How colorschemes work in terminal

As a daily user of the terminal, I find coloring my terminal very useful and aesthetically pleasing compared to the usual black and white default theme. Personally, I’ve been using the default dark base16 theme. In particular, I’m using scripts from the base16-shell repo because I can simply add the setup to my rc file and make it work for whatever machine I’m using. I never really bothered to understand how the coloring works, it’s been pure magic to me. A few days ago, however, I’m having some coloring issue with MobaXterm and I decided to actually take a look at how the script colors my terminal. There are a few things to understand to build the whole picture.

Type of terminal

We have to understand that “terminal” is just a term to describe a device that entering data into and displaying data from a computer. There were many implementations in the past and they work differently and have different capabilities. For example, we have vt100, vt220, xterm, and xterm-256color. To write programs/libraries (e.g. ncurses) that works on many different terminals, there are libraries like termcap and terminfo which provides a device independent software API. Besides these libraries, there is another way to communicate with the terminal, which is called “ANSI escape sequence”.

ANSI escape sequence

According to Wikipedia,

ANSI escape sequences are a standard for in-band signaling to control the cursor location, color, and other options on video text terminals and terminal emulators.

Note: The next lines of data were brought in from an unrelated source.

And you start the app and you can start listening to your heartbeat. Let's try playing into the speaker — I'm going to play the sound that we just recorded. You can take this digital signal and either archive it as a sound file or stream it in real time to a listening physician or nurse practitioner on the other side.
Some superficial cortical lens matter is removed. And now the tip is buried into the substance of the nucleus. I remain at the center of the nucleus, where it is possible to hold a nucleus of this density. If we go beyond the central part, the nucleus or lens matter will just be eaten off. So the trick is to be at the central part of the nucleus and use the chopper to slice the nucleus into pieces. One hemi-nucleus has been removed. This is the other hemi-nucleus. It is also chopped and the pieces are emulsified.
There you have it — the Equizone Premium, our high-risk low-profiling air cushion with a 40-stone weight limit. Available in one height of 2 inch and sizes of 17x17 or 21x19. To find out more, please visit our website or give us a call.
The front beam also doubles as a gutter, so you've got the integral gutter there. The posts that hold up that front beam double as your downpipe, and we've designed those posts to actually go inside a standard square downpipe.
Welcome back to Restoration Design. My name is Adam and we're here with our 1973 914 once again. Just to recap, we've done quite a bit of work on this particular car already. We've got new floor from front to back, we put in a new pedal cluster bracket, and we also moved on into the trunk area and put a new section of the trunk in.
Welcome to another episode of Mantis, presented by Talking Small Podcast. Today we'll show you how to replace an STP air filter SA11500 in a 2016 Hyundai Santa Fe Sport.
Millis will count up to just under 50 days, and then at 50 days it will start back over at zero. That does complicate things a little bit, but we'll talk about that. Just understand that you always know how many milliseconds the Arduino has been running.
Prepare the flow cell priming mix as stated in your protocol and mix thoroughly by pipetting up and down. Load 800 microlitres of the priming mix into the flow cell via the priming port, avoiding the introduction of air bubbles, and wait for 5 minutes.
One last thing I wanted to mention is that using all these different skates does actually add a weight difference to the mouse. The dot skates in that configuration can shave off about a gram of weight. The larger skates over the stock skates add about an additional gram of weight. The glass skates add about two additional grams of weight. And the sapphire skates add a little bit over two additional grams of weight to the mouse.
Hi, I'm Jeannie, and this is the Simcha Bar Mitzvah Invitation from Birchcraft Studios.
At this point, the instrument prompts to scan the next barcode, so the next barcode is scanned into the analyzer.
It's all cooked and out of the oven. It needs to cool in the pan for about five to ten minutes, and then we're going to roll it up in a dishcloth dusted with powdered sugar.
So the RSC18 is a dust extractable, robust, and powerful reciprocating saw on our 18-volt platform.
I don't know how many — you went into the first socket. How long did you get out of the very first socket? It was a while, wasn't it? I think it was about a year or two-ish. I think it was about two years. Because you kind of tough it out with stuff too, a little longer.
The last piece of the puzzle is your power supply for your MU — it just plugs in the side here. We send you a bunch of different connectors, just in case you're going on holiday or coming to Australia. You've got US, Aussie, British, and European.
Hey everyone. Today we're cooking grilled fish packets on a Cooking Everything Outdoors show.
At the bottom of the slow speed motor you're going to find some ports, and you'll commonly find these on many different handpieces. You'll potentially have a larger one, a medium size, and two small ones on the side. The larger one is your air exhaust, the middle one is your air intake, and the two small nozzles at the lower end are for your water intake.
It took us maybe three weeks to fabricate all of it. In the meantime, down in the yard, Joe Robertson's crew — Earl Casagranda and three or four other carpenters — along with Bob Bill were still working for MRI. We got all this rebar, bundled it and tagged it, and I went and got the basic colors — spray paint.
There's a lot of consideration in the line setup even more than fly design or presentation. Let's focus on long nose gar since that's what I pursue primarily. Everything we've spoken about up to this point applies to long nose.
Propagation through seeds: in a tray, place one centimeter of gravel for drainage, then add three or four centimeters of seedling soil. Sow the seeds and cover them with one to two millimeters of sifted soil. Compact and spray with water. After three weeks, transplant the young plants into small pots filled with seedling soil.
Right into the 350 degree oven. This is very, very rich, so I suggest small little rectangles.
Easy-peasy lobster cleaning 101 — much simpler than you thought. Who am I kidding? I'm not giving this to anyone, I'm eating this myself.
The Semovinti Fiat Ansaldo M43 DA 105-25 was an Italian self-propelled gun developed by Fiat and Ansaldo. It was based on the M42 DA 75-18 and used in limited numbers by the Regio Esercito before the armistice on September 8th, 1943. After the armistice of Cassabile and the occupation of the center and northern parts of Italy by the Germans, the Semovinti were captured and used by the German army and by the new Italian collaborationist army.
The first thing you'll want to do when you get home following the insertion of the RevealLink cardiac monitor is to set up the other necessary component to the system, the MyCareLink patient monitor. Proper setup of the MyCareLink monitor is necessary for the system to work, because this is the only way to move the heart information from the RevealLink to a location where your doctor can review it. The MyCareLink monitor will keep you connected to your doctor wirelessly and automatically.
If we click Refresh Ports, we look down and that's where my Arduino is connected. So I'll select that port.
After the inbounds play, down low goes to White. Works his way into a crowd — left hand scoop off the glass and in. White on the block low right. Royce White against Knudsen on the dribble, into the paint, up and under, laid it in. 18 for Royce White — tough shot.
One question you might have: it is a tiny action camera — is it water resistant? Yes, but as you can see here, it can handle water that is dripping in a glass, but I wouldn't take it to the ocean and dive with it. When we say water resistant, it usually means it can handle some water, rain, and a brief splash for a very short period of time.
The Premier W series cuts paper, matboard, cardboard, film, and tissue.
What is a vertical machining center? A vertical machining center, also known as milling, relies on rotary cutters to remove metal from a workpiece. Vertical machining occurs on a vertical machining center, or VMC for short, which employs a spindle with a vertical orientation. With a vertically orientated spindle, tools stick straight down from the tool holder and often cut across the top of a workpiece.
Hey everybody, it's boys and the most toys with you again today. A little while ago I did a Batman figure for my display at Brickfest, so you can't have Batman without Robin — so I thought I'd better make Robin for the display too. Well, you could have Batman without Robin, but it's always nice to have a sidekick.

Basically, it works by embedding non-printing byte sequences to the text that you print on the terminal. Therefore, you can send commands to the terminal by simplying doing echo or printf in your shell. You may have already seen it if you wrote scripts that print colored text. These escape sequences usually start with Esc which can be access by \e, \033, and \x1B in the shell. For example, you can do the following to print red text (try it yourself!).

$ printf "\033[31mI'm RED\033\n[0m"

Here is a full list of escape sequences that you can send. For this post, let’s focus on the ones that control the colors.

Changing the color

In the link above, under “Operating System Controls”, we find what we are looking for. There is a 4;c;name option which says change color #c to name. The full syntax is \033]4;<color>;<name> (you can read up on the syntax from the above link). The name here follows the XParseColor syntax, e.g. rgb:18/18/18. In the terminal we usually have 16 or 256 colors and this sequence allows us to change the mapping from color IDs to actual RGB values. Suppose we set color 01 (which represent red) to a blue-ish rgb:7c/af/c2, your terminal will actually print blue text when you run the above printf command! Looking at the source code of base16-shell, that’s exactly what the scripts are doing. They run printf to change color 00 to 21 to form a 22 color palette based on the exact theme you chose. Cool, now I understands how my terminal is colored!

Conclusion

In this post, I talked about how a terminal is colored with what’s called ANSI escape sequences. For me, it was quite fun researching about all these information. I didn’t expect it to be this simple, I thought it was some complicated magic to make it work. I hope you find my post a fun to read and helpful for understanding a bit of the history in computing! Cheers!